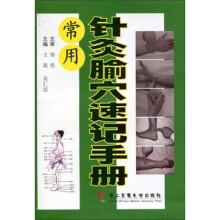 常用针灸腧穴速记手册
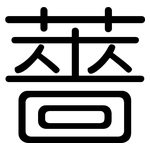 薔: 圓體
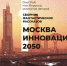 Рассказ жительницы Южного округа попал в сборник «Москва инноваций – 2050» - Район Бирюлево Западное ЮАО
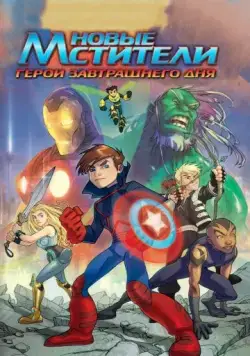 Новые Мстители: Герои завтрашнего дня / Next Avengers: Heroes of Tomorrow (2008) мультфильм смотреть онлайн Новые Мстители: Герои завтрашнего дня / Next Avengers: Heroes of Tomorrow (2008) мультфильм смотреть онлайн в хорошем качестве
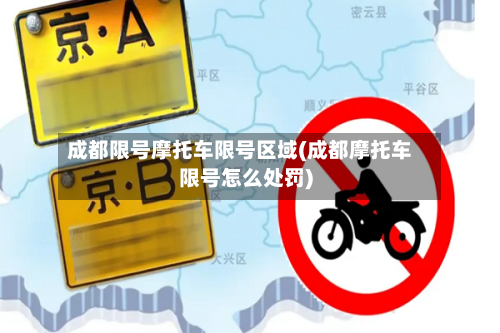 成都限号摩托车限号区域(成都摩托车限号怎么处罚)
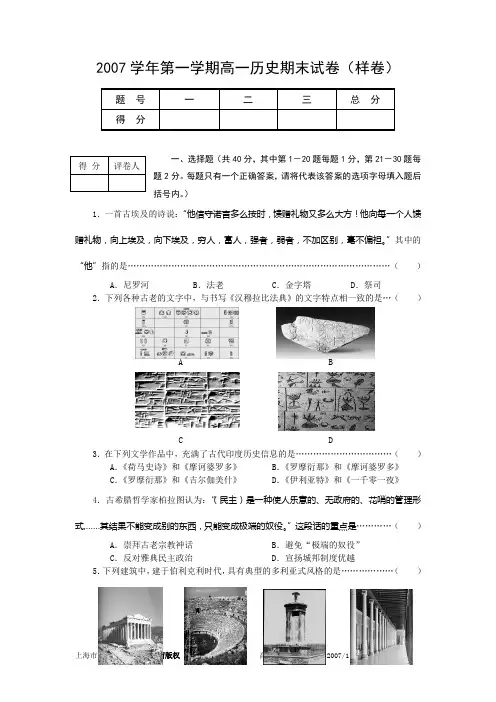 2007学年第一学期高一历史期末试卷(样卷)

* * *

• Your goal
Output every entry exactly as given; pictures are not part of the copy.

• Completed exercise
 常用针灸腧穴速记手册
 薔: 圓體
 Рассказ жительницы Южного округа попал в сборник «Москва инноваций – 2050» - Район Бирюлево Западное ЮАО
 Новые Мстители: Герои завтрашнего дня / Next Avengers: Heroes of Tomorrow (2008) мультфильм смотреть онлайн Новые Мстители: Герои завтрашнего дня / Next Avengers: Heroes of Tomorrow (2008) мультфильм смотреть онлайн в хорошем качестве
 成都限号摩托车限号区域(成都摩托车限号怎么处罚)
 2007学年第一学期高一历史期末试卷(样卷)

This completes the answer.